(Source data)
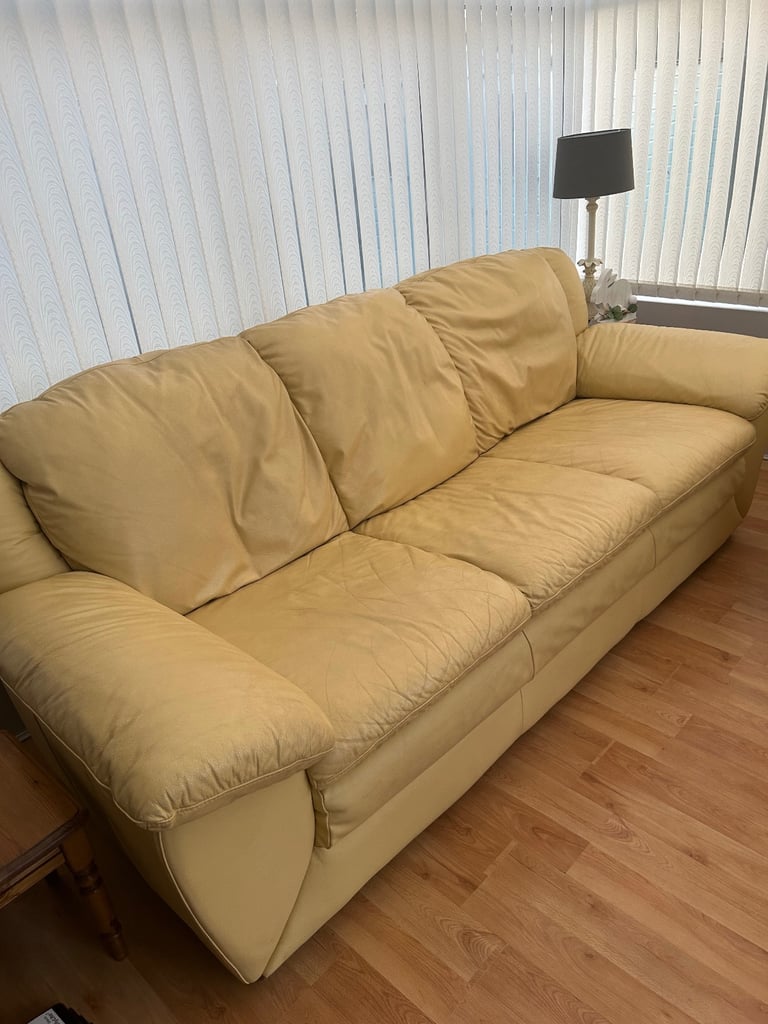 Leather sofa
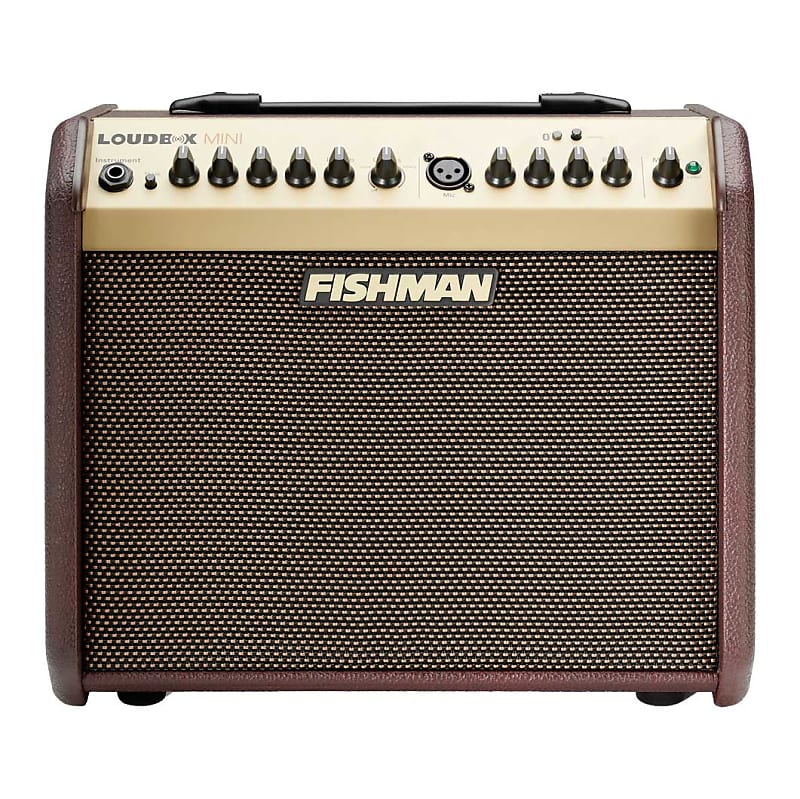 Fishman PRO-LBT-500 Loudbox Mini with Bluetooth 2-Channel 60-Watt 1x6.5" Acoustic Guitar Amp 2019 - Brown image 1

...

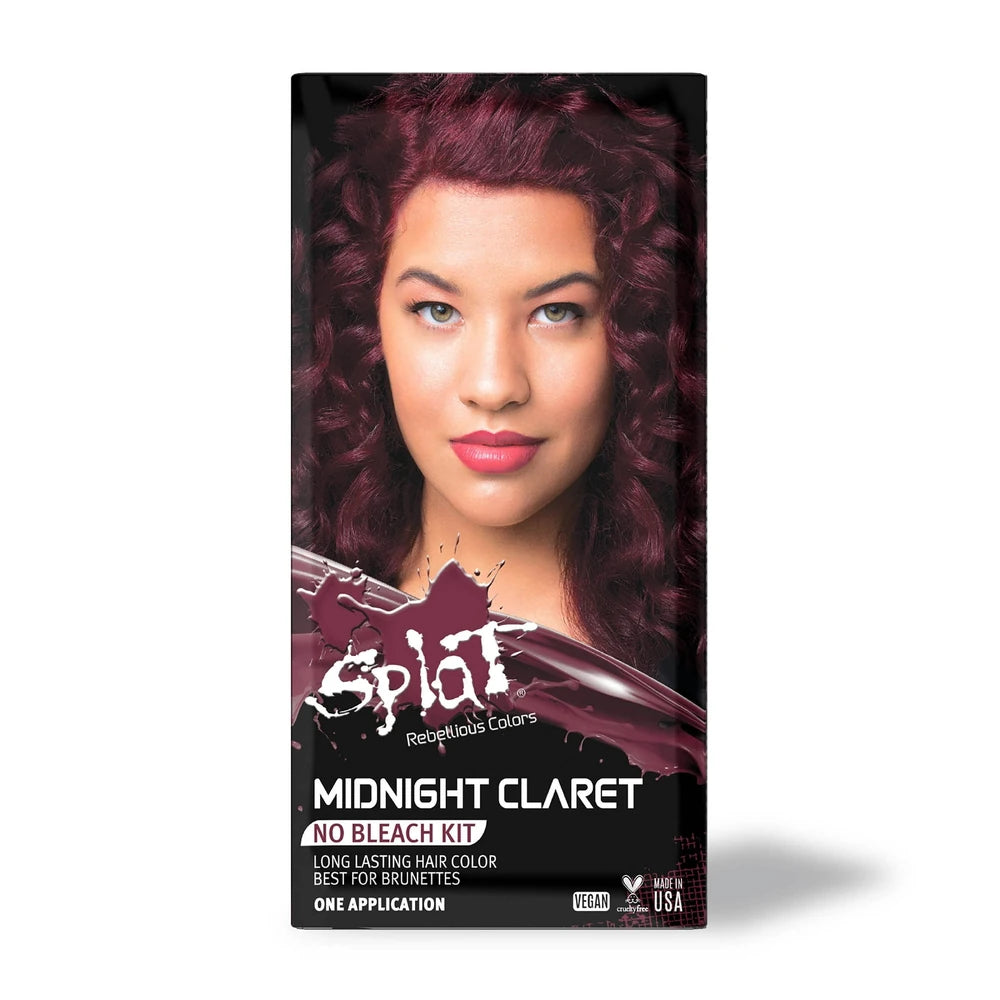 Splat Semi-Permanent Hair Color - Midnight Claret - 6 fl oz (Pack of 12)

(Task prompt) Starting with the line above that holds "Leather sofa", restate each line word for word up to and including the line that holds "Fishman PRO-LBT-500 Loudbox". Drop the pictures.

(Expected answer)
 Leather sofa
 Fishman PRO-LBT-500 Loudbox Mini with Bluetooth 2-Channel 60-Watt 1x6.5" Acoustic Guitar Amp 2019 - Brown image 1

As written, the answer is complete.